Data items:
***
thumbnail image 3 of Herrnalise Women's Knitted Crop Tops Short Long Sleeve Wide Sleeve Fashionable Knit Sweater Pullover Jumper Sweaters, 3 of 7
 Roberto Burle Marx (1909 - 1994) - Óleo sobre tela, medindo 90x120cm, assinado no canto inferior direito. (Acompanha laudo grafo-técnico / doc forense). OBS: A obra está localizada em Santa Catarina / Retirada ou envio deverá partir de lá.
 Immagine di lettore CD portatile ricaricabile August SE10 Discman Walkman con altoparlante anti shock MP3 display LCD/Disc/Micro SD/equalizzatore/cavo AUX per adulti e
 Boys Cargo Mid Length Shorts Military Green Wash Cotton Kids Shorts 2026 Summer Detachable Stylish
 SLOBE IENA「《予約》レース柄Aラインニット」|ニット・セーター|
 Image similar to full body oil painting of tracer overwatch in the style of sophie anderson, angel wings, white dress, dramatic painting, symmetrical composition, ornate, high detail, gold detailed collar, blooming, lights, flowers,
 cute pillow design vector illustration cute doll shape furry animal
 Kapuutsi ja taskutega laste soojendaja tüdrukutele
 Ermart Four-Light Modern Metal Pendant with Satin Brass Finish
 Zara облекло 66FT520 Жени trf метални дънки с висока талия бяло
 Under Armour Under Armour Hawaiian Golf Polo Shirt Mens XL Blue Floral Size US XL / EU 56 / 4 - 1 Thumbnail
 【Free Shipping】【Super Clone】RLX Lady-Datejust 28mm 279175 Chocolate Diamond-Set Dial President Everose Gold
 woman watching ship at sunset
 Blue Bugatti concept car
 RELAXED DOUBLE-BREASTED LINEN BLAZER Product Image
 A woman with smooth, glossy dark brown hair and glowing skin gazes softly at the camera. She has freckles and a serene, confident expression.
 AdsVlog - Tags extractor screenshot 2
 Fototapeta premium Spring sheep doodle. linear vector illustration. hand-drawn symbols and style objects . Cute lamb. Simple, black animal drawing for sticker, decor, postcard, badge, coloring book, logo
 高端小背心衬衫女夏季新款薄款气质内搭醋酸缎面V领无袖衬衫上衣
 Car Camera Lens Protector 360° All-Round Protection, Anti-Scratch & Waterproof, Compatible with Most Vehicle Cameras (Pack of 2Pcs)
***
## Prompt:
The lines from the one containing "高端小背心衬衫女夏季新款薄款气质内搭醋酸缎面V领无袖衬衫上衣" through the last line of the records are the answer; set them down exactly and add nothing.

## Finished task:
 高端小背心衬衫女夏季新款薄款气质内搭醋酸缎面V领无袖衬衫上衣
 Car Camera Lens Protector 360° All-Round Protection, Anti-Scratch & Waterproof, Compatible with Most Vehicle Cameras (Pack of 2Pcs)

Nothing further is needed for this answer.